═════ DATA RECORDS

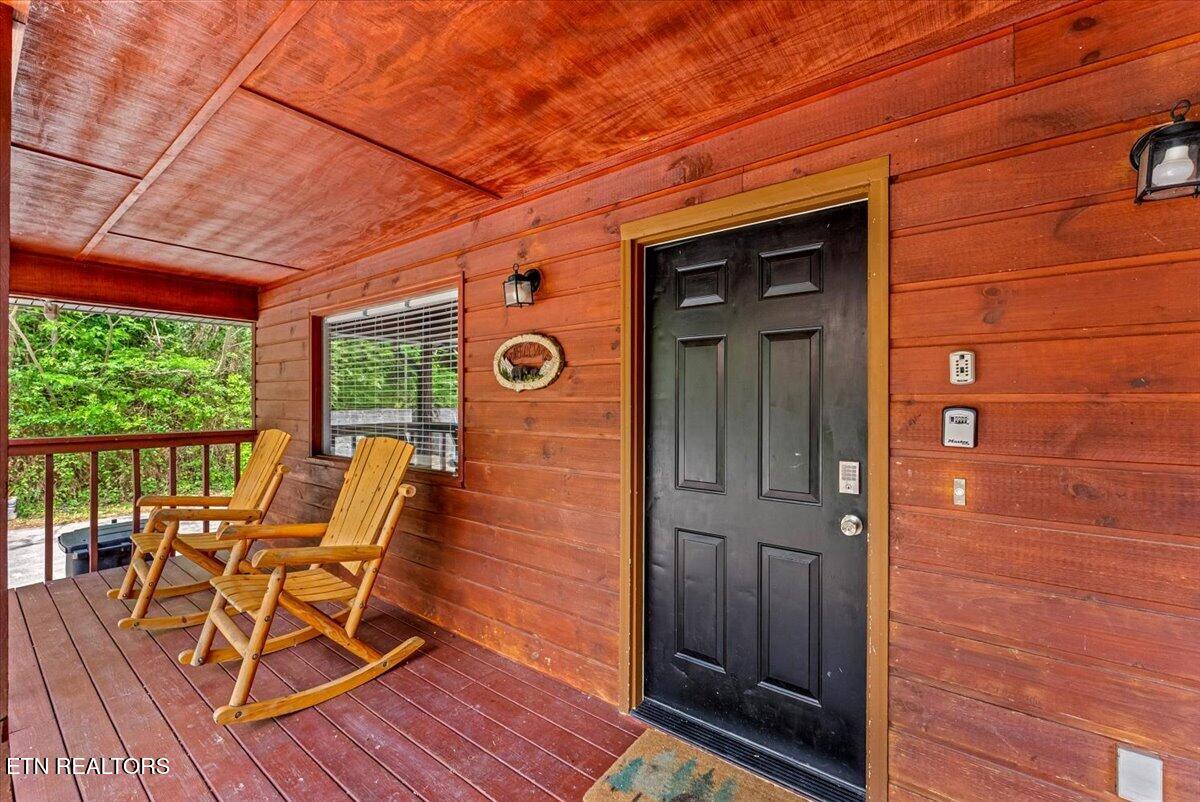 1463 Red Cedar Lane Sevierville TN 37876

══════════
═════ DATA RECORDS

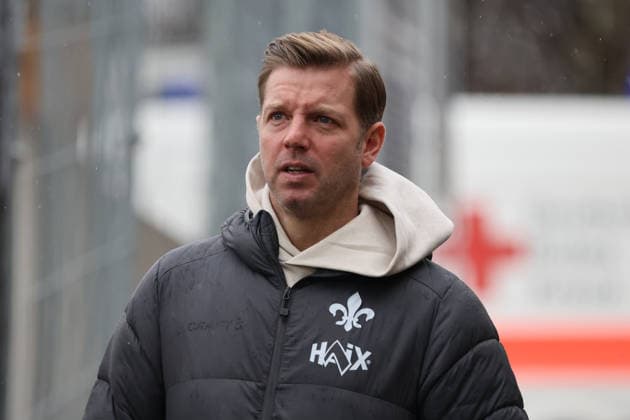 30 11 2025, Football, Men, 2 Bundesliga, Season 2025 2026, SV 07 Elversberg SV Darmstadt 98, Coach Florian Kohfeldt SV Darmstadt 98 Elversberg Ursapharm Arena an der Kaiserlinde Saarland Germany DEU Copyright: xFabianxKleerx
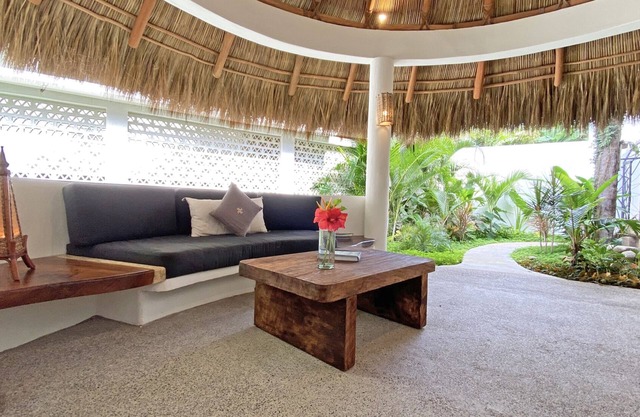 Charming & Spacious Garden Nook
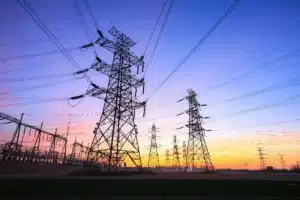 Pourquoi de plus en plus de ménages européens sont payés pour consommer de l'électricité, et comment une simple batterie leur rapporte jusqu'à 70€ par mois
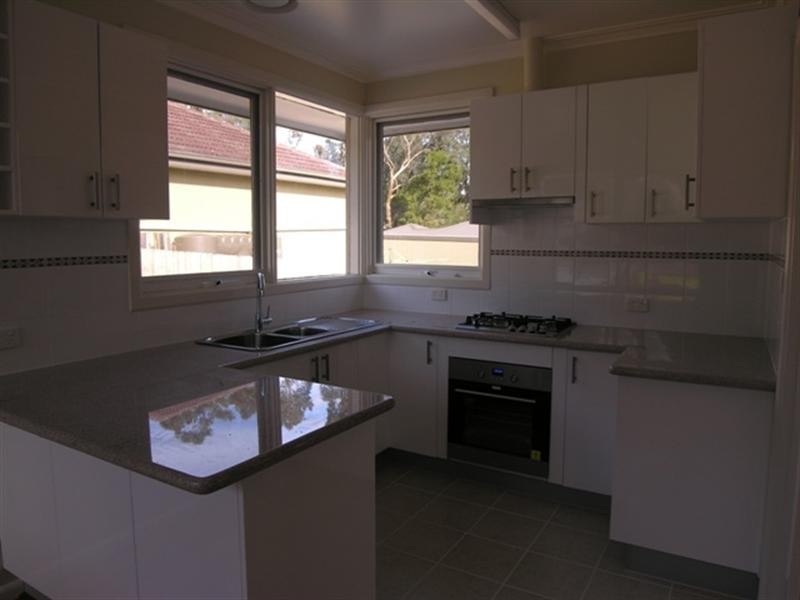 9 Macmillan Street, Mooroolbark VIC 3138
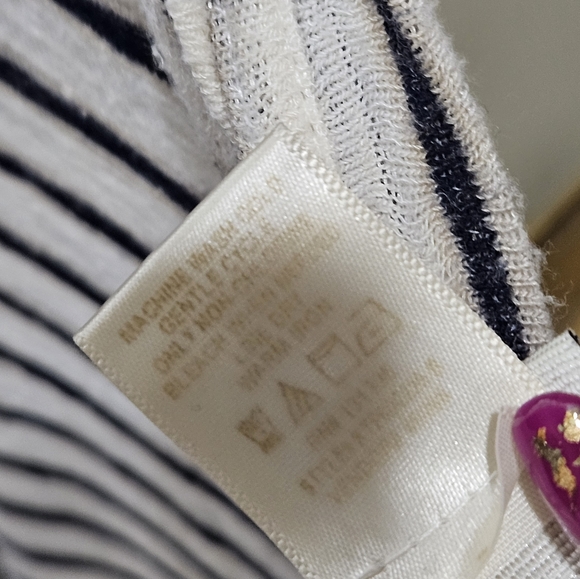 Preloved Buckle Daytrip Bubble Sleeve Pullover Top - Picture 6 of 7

══════════
═════ DATA RECORDS

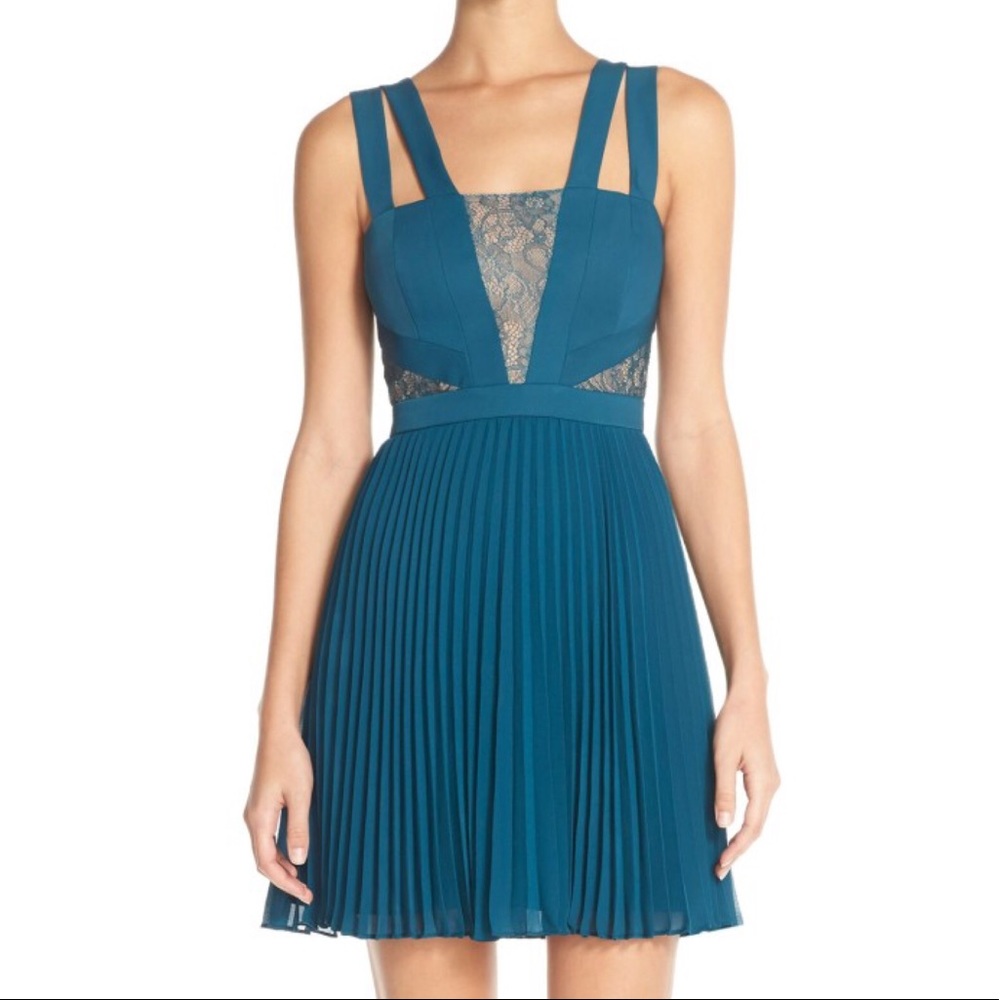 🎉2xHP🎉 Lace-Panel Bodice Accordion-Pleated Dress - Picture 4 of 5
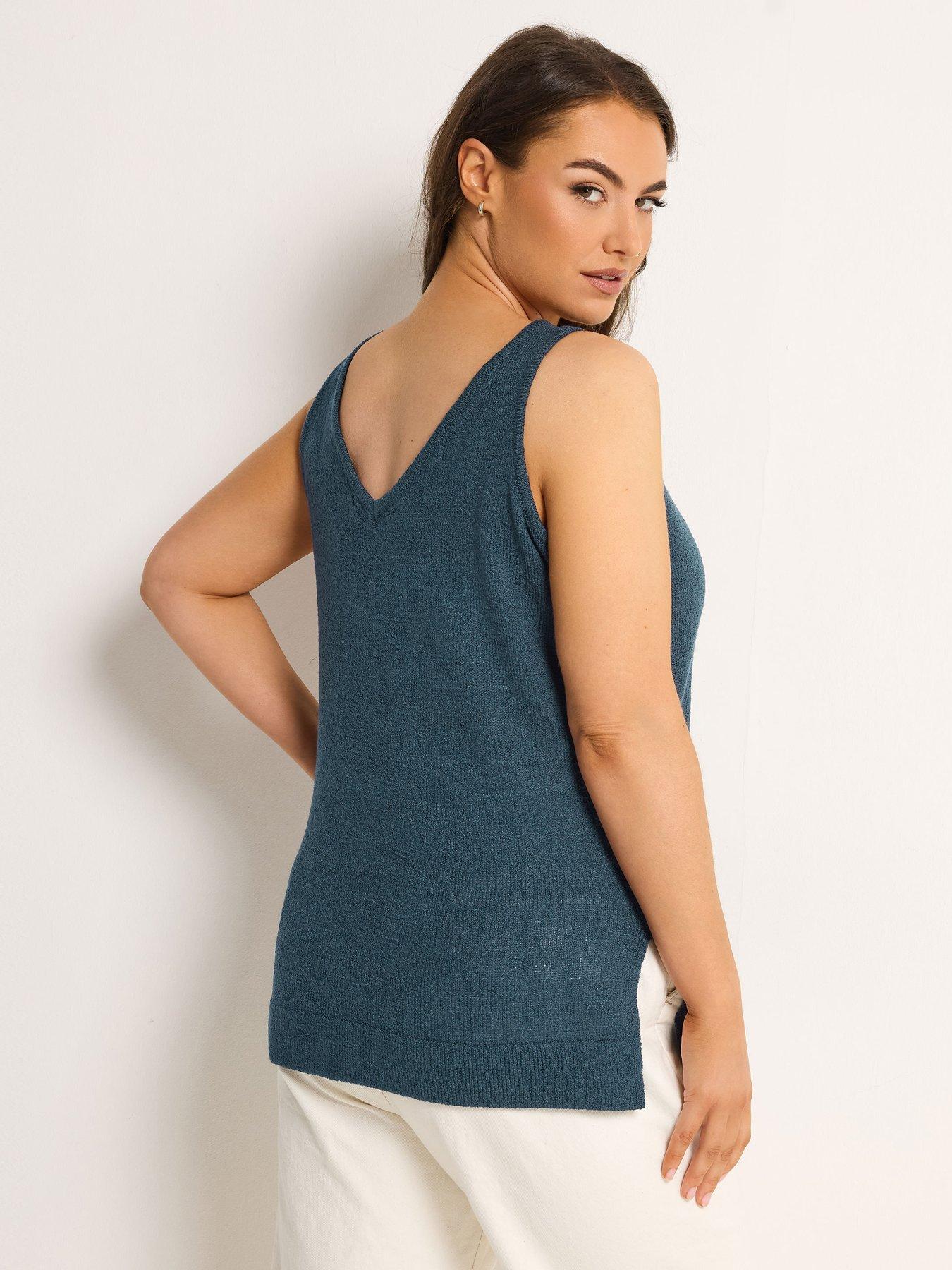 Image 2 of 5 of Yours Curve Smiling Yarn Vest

══════════

■ ASSIGNMENT
Repeat only the stretch of data above that runs from the line with "Charming & Spacious Garden Nook" to the line with "Preloved Buckle Daytrip". Keep both end lines; exclude pictures.

■ EXERCISE OUTPUT
 Charming & Spacious Garden Nook
 Pourquoi de plus en plus de ménages européens sont payés pour consommer de l'électricité, et comment une simple batterie leur rapporte jusqu'à 70€ par mois
 9 Macmillan Street, Mooroolbark VIC 3138
 Preloved Buckle Daytrip Bubble Sleeve Pullover Top - Picture 6 of 7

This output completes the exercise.